A first conductivity type first cladding layer made of SSe;
And ZnMgS laminated on the first cladding layer (3)
A first optical waveguide layer (11) made of Se, an active layer (5) made of ZnCdSe laminated on the first optical waveguide layer (11), and a ZnMgSSe laminated on the active layer (5).
A second optical waveguide layer (12) composed of: and a second conductive type second cladding layer (7) composed of ZnMgSSe laminated on the second optical waveguide layer (12) . Kula
Layer (3), first optical waveguide layer (11), second optical waveguide
The layer (12) and the second cladding layer (7) are compound semiconductors
The substrate (1) is lattice-matched and the active layer (5) is
It is a strained layer .

[0008]

A semiconductor laser according to a third aspect of the present invention.
Over a semiconductor laser according to the first or second aspect
In chromatography, but the thickness of the active layer (5 or 13) is below the critical thickness.

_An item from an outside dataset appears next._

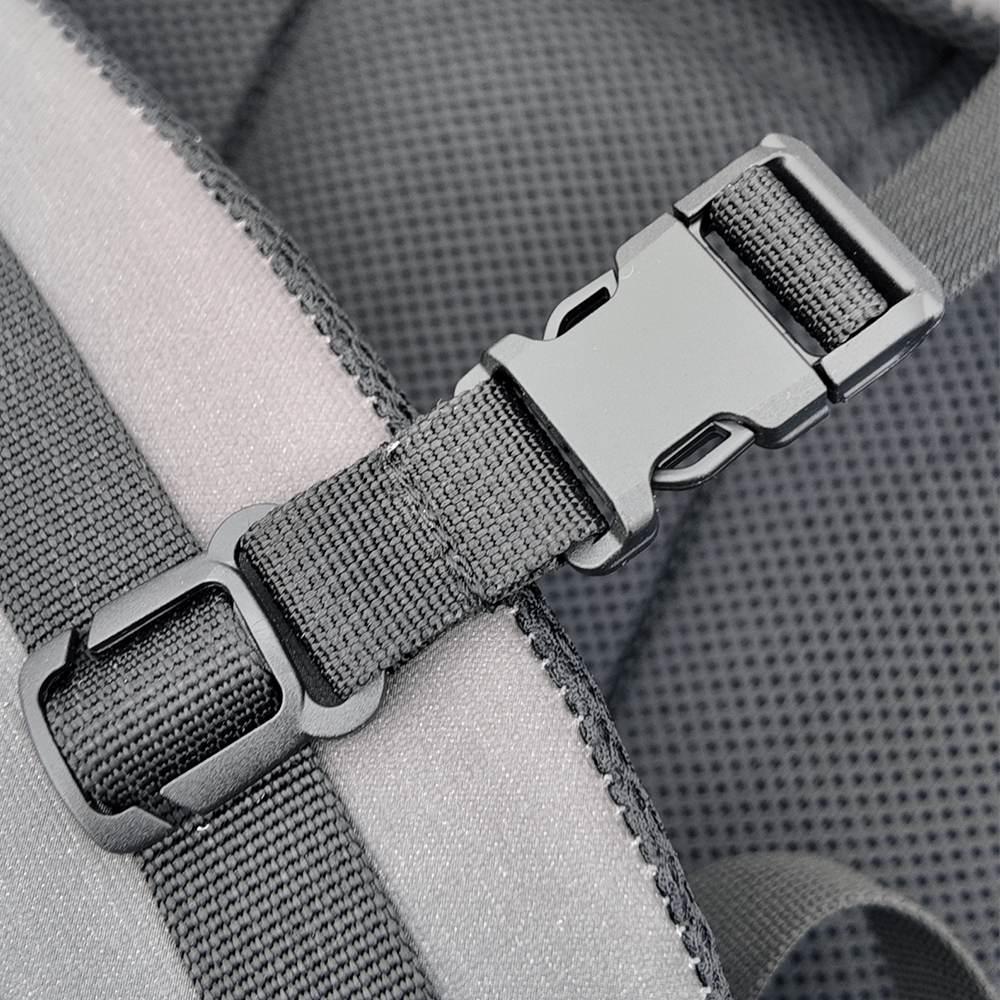 Close-up of a gray backpack strap with a metal buckle on a textured gray background.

[0010] A semiconductor laser according to a fourth aspect of the present invention.
Over the first invention, in a semiconductor laser according to the second invention or the third invention, the first optical waveguide layer (4 or 1
1) and the second optical waveguide layer (6 or 12) and the active layer (5
Or 13) having a band gap difference of 0.15 eV or more.

[0011]

According to the semiconductor laser of the first aspect of the present invention, the first cladding layer (3) and the second cladding layer (7) made of ZnMgSSe and the first optical waveguide layer (4) made of ZnSSe are provided. ) And the second optical waveguide layer (6)
When, using the active layer (5) made of ZnCdSe, deer
Also, the first cladding layer (3), the first optical waveguide layer (4),
The second optical waveguide layer (6) and the second cladding layer (7) are formed
Lattice-matched with the compound semiconductor substrate (1) and active
Since the layer (5) is a strained layer , ZnMgSSe
Can be realized as a material of a cladding layer, which can emit blue to green light.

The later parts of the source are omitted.